At that time, it was because SARS went away, so there was no longer any need to treat it.
I'm about to make a long post. The purpose of this post is not to make you feel stupid or inferior- I am sincerely reaching out to you, as one person with an interest in medicine to another. I sincerely ask you to read all of it, because I am investing a lot of time in making it. If I say something you already know, don't feel like I am trying to condescend to you- I am just trying to be thorough. Should you feel tempted to reply to a portion prior to having finished reading the post, I implore you to instead finish reading the post, and then decide what you want to say.
The first stage of learning about medicine and medical practice is exhilarating. Medicine is essentially the collection of the practices from what had been called "sorcery", "shamanism", "herbalism", and "alchemy" that actually turned out to be effective at ending or reducing the suffering, injury, and death of others- how could it not be exciting? It makes you feel powerful, because when medicine is done right, it is powerful. It isn't unusual to feel a kind of "manic excitement" when you embark on the journey of learning about medical practice.
For at least 2,000 years, those calling themselves doctors have had effective medicines for reducing suffering- primarily opium and alcohol. Prior to the advent of institutions that regulate the production and distribution of medicine, like the FDA, medical practice largely consisted of the sale of what were called "patent medicines". Although patent medicines rarely cured the illnesses they were purported to cure, they frequently made patients "feel better" because they contained things like alcohol, opium, and cocaine.

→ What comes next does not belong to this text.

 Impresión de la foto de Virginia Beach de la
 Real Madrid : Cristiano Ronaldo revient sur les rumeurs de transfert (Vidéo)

In the late 1800s, the discovery of microorganisms and their connection to diseases caused a revolution in medical practices: suddenly, the prospect of not only alleviating suffering, but also preventing death from disease, seemed to be within reach. For many decades thereafter, the discovery of effective medicines took place largely by accident and/or by conducting experiments that today would be considered highly unethical- for example, the cause of beriberi, the disease caused by a deficiency of vitamin B1 (Thiamin), was discovered by observing that prisoners fed a diet of white rice developed the disease far more frequently than prisoners fed a diet of brown rice.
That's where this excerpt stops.